The insight here is architectural rather than merely technical: resilience comes from redundancy across diverse sensing modalities, not from making any single sensor better. This is a design philosophy, and it has implications well beyond drones.
The Adversarial Dimension
What makes this problem genuinely hard, and what distinguishes military from civilian autonomy, is that the environment is not merely uncertain — it is actively hostile. A drone flying over Ukraine or any other contested zone is not dealing with sensor noise as an abstract statistical property; it is dealing with an adversary who has read the same papers, understands the vulnerabilities, and is deliberately trying to exploit them. GPS spoofing, for instance, does not simply remove the signal; it injects a false signal that looks plausible. A naïve fusion algorithm might accept the spoofed GPS and reject the correct inertial estimate, because the GPS “looks” more certain. Building systems that can detect and reject adversarial inputs — without generating so many false positives that the vehicle becomes useless — is a genuinely open research problem at the boundary of signal processing, machine learning, and formal verification.
This connects naturally to the broader literature on robust estimation and anomaly detection. The same intellectual scaffolding that supports fraud detection in financial systems or fault isolation in industrial control applies here, adapted for the latency and weight constraints of a vehicle that cannot afford either a missed detection or a false alarm.
Navigation as Epistemology
There is a deeper thread worth pulling. Navigation without GPS is, at its core, a problem of knowing what you know and knowing what you do not know — maintaining a calibrated uncertainty over your own state and updating it as new evidence arrives. This is Bayesian inference in hardware, running in real time, under adversarial conditions, with the stakes measured in human lives and strategic outcomes.

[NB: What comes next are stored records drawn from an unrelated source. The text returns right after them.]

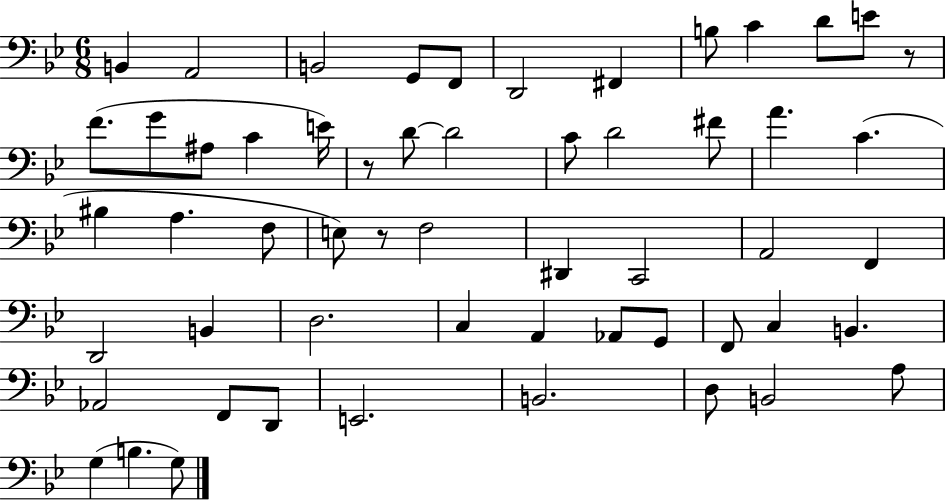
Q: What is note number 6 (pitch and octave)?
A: D2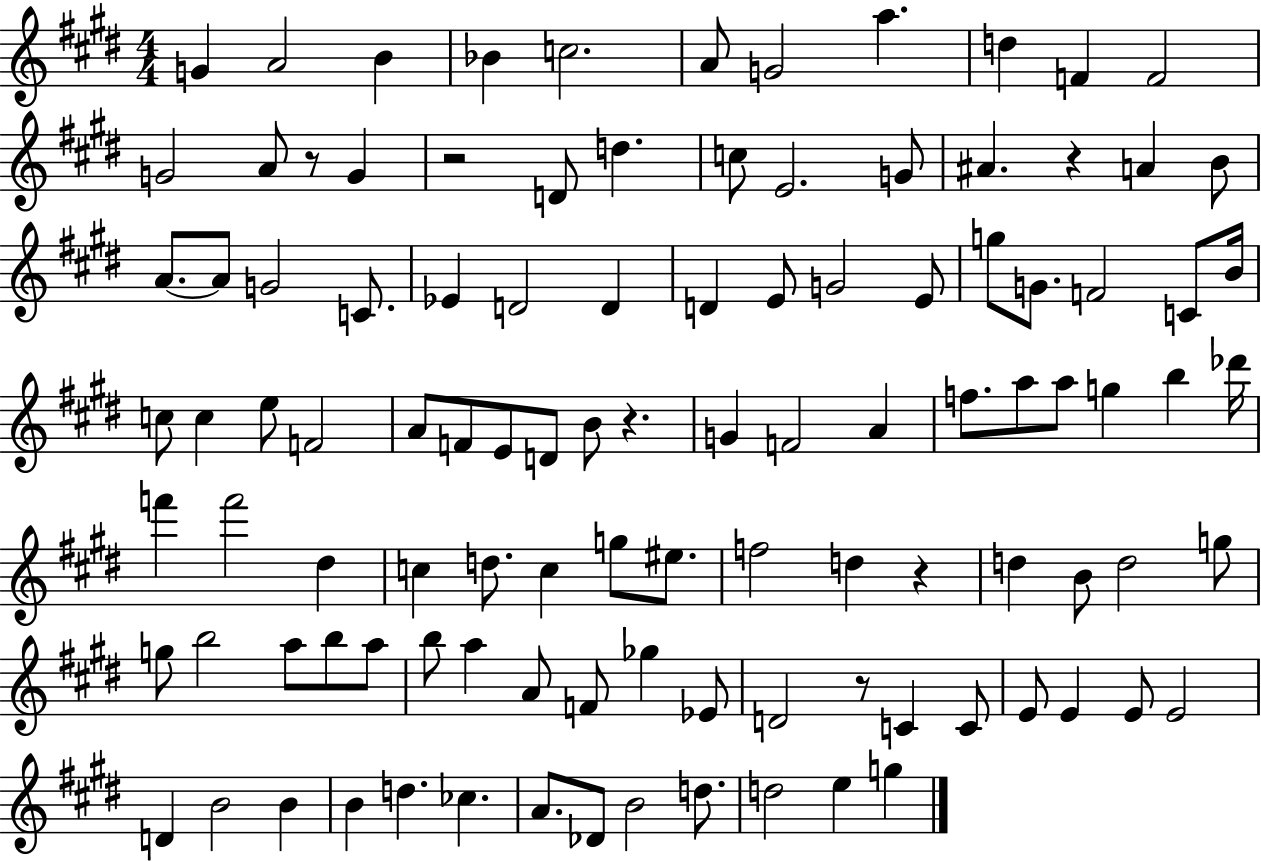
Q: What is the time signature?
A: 4/4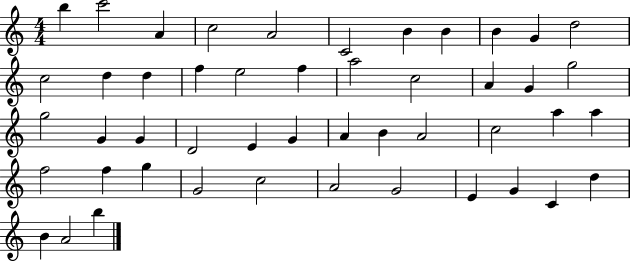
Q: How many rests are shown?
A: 0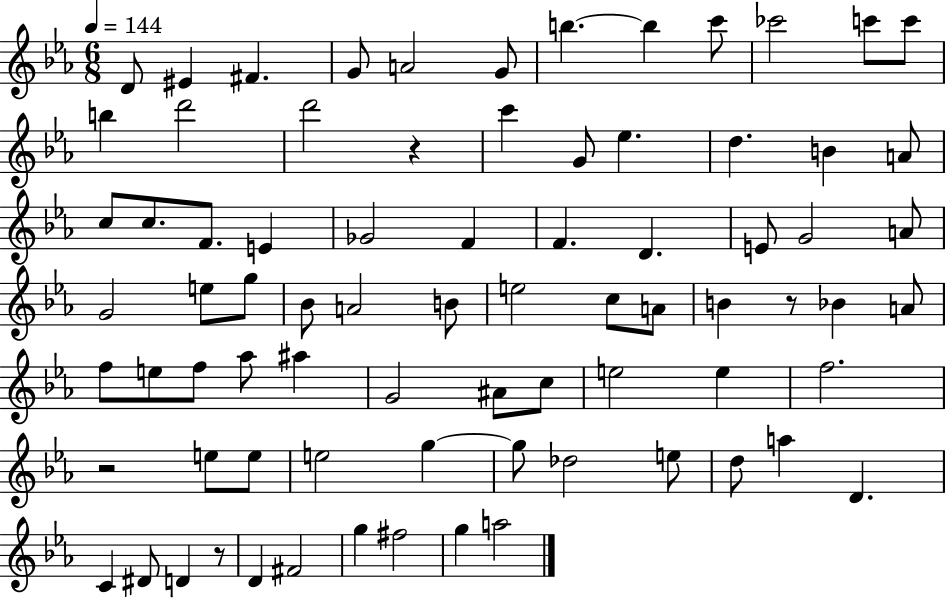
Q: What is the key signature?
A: EES major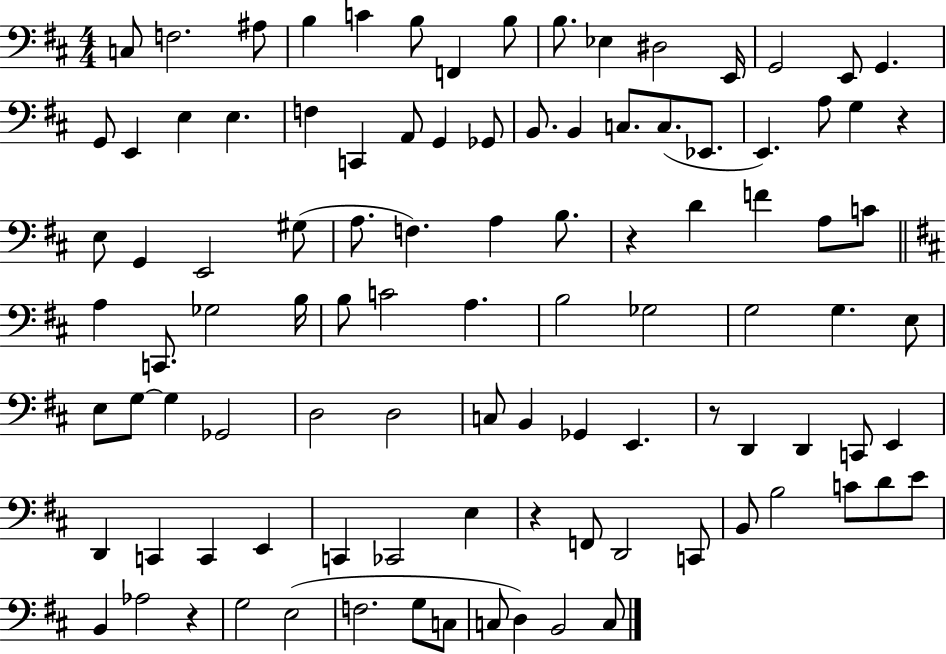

This frame connects the problem to philosophy of mind, to robotics, to autonomous vehicles, and to the literature on reliable systems more broadly. The question of how a system maintains coherent self-knowledge under sensory degradation is not categorically different from questions asked in cognitive science about human spatial navigation, or in reliability engineering about how a power grid knows its own state under partial observability. The specific domain is military autonomy; the general domain is epistemic robustness under adversarial uncertainty.
Why This Matters Now
The proliferation of drone warfare has moved faster than the policy, the doctrine, and frankly the engineering. Systems that were designed with GPS as a given are being fielded in environments where GPS is unreliable or actively denied. The gap between what the hardware was designed to do and what it is being asked to do is not theoretical — it shows up as mission failures, navigational errors, and in the worst cases, as autonomous systems making consequential decisions based on corrupted state estimates.
Work like Laffey’s matters because it is trying to close that gap honestly, from first principles, without papering over the hard parts. The unglamorous reality of sensor fusion, filter tuning, and adversarial robustness is where the actual capability lives. Understanding that is prerequisite to understanding what autonomous military systems can and cannot responsibly be asked to do.